Nas últimas décadas, nossos pais insistiam para que seus filhos evitassem trabalhos manuais e buscassem carreiras universitárias. A aspiração era clara: tornarem-se professores, psicólogos, editores ou padres. No entanto, o advento da inteligência artificial (IA) e, em especial, dos grandes modelos de linguagem (LLMs), como o Chat GPT, está começando a questionar a relevância dessas profissões.
Este ensaio argumenta que a IA, de maneiras inesperadas, tem o potencial de substituir uma grande parte das tarefas de "colarinho branco", embora ainda enfrente limitações significativas na substituição de ofícios manuais e personalizados, o que pode levar a uma recuperação tardia, mas inevitável, da classe trabalhadora no mercado de trabalho do futuro.

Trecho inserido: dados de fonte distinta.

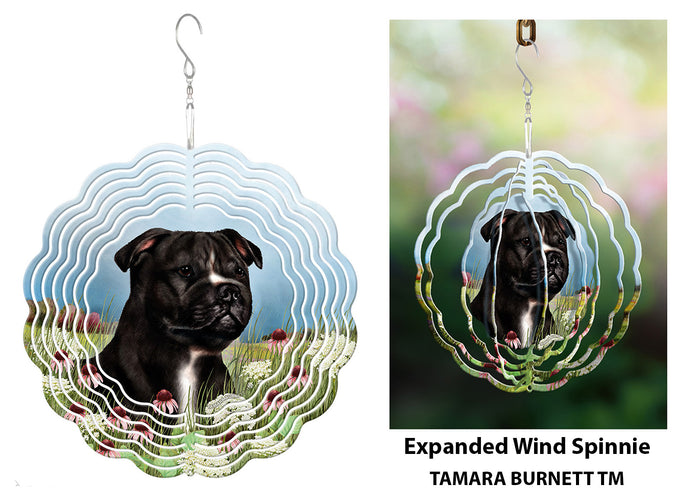 Staffordshire Terrier Black and White Wind Spinner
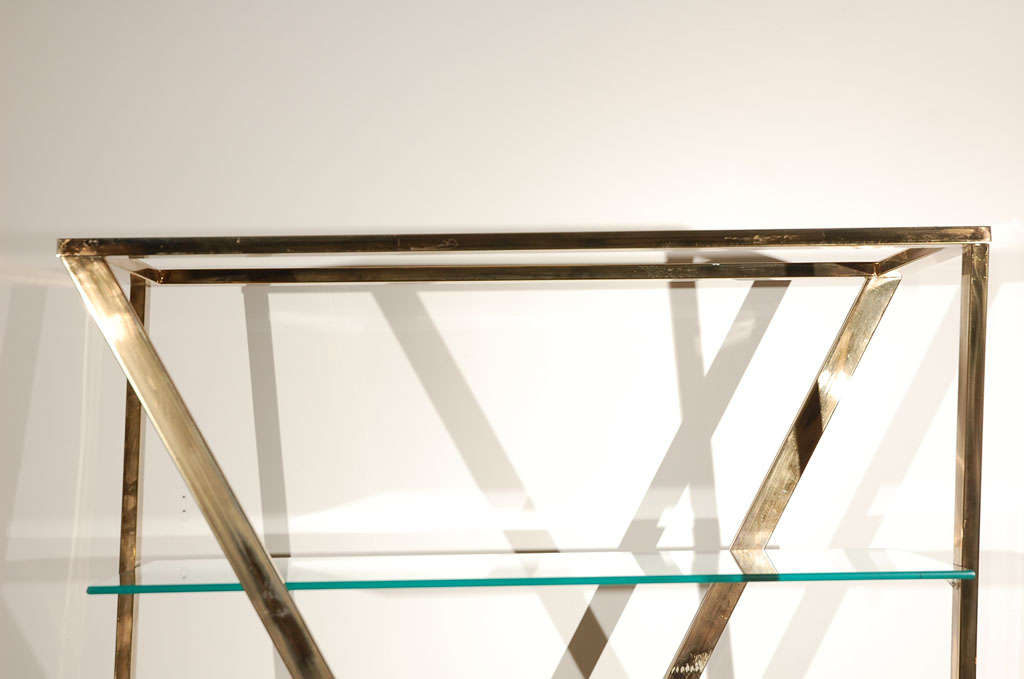 Milo Baughman Style Very Chic Modern Brass Etagere 1
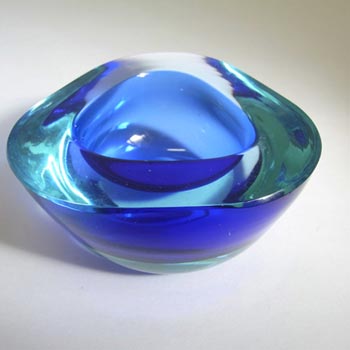 Murano Geode Blue & Turquoise Sommerso Glass Triangle Bowl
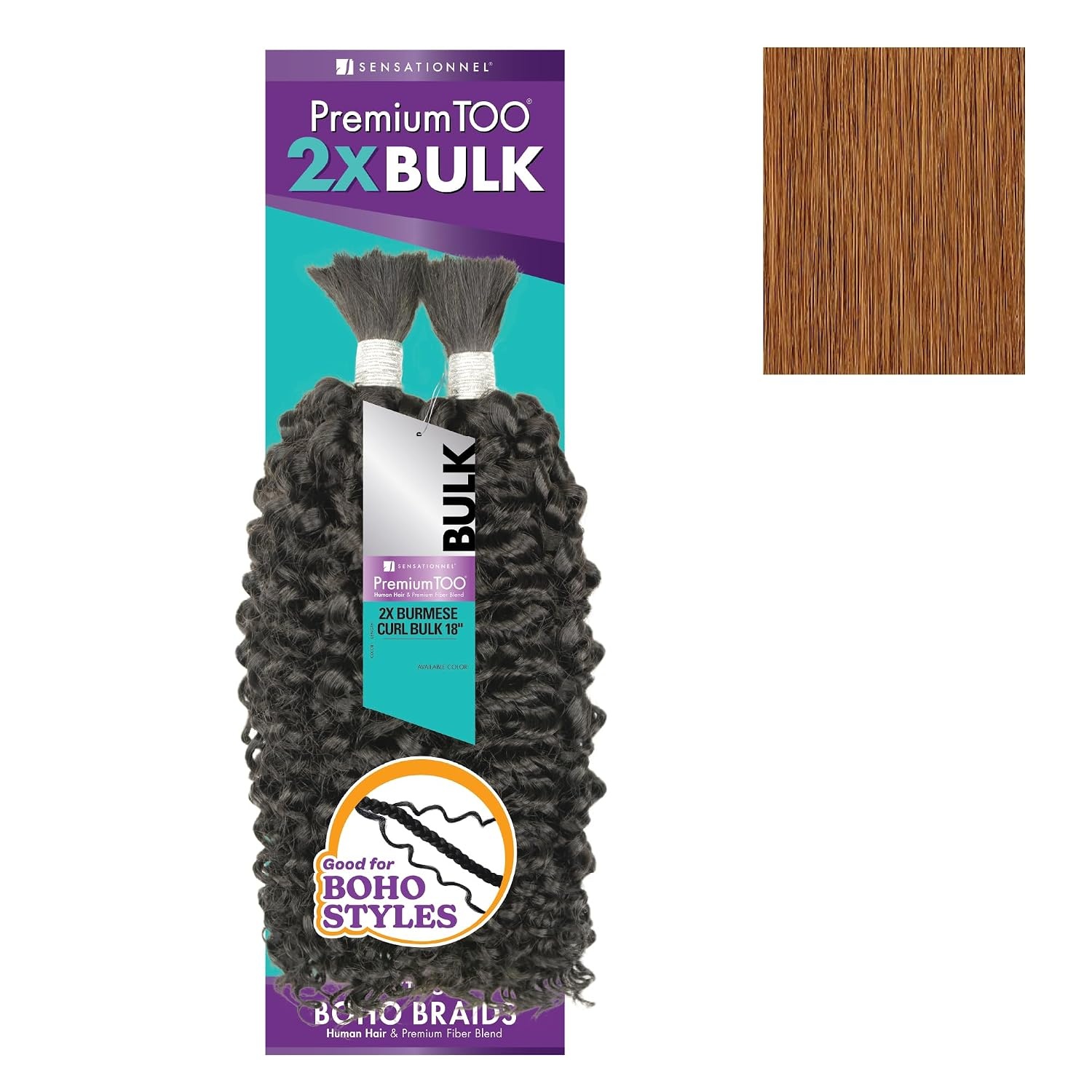 image:imageSensationnel PremToo Bulk Weaving 2X Burmese Curl Human Hair Blend for Boho Knotless Box or Curly Loose Wave Styles 14 inch 1 JETBLACK30 LIGHTAUBURN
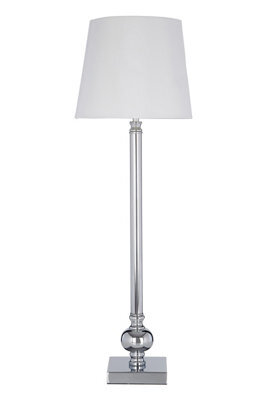 Orsina Table Lamp With Off White Silk Shade, Minimalist Iron Rod Lamp, Durable Bedside Light For Living Room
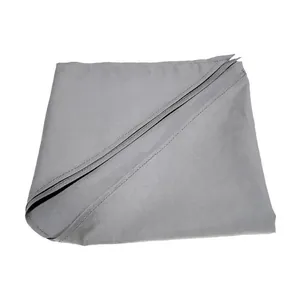 Premium solid gray cotton pet bandana triangle scarf for dogs and cats folded view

A vulnerabilidade das profissões intelectuais
Na era da IA, as profissões antes consideradas seguras e prestigiadas estão sendo transformadas. Os modelos de linguagem de grande porte, treinados em vastas quantidades de dados discursivos, podem gerar respostas surpreendentemente apropriadas para perguntas cada vez mais complexas, sugerindo que uma parte considerável das tarefas repetitivas no ensino, na psicologia aplicada, nos letrados, nas agências de publicidade e em outros campos baseados em linguagem poderá em breve ser automatizada.
Além disso, a tecnologia deepfake possibilita a criação de avatares que ministram palestras pré-gravadas de alto nível, eliminando a necessidade de os professores repetirem o mesmo conteúdo todos os anos.
Atualmente, a interação complexa entre professor e aluno continua sendo um desafio para a IA, e os LLMs só conseguem lidar com diálogos previsíveis. No entanto, à medida que os LLMs melhorarem sua janela de contexto para ganhar complexidade e a adaptabilidade de uma conversa humana autêntica, eles colocarão cada vez mais em risco a relevância de muitas profissões intelectuais, mostrando sua vulnerabilidade à automação.
Resiliência e reivindicação dos ofícios manuais
Em contrapartida, os ofícios manuais e personalizados, como encanamento e obstetrícia, ainda parecem mais robustos para sobreviver no mercado de trabalho, pelo menos no médio prazo, pois apresentam desafios únicos que a IA e a robótica ainda estão longe de superar. Consertar um tubo quebrado ou ajudar em um parto são tarefas que exigem habilidades manuais de motricidade fina, intuição e adaptabilidade — capacidades que tanto a IA quanto a robótica ainda não conseguem alcançar.
Mesmo em ambientes onde os robôs foram implantados, como em casas de repouso em Mannheim, Alemanha, as experiências indicam que, embora os robôs possam lidar com conversas simples para entreter e confortar, eles não substituirão os cuidados humanos em tarefas de enfermagem mais complexas. Isso ressalta a importância e a resiliência dos ofícios manuais.
Desafios e oportunidades para a IA — e para os humanos
Um dos principais desafios da IA é sua tendência a se comportar — ainda e acima de tudo — como papagaios probabilísticos (stochastic parrots), uma crítica levantada por Noam Chomsky, entre outros. Os LLMs replicam respostas probabilísticas com base em dados treinados, mas não têm a capacidade de pensamento original e criativo necessário para desenvolver novas teorias científicas ou soluções inovadoras. Isso representa tanto um desafio quanto uma oportunidade para aprimorar os algoritmos de IA e treiná-los de forma mais eficaz, minimizando vieses e melhorando sua capacidade de lidar com situações complexas.
Embora a inteligência artificial tenha o potencial de transformar muitas profissões de "colarinho branco", sua capacidade de substituir trabalhadores humanos é limitada pela natureza das tarefas manuais e personalizadas.
À luz dos impressionantes avanços da IA na geração de discursos convincentes, as aspirações do pós-guerra de evitar os ofícios manuais parecem agora ultrapassadas. E os próprios ofícios mais práticos permanecem — por enquanto — firmes diante da automação. Portanto, os pais de hoje podem aconselhar seus filhos a se concentrarem em profissões que exijam habilidades robustas: encanador, eletricista, parteira ou jardineiro.
É irônico que, 150 anos após as grandes revoluções sociais na Europa, e justamente por causa de uma revolução tecnológica, sejam as classes trabalhadoras que estejam sendo reivindicadas no mercado de trabalho, onde suas habilidades permanecem essenciais e insubstituíveis por enquanto.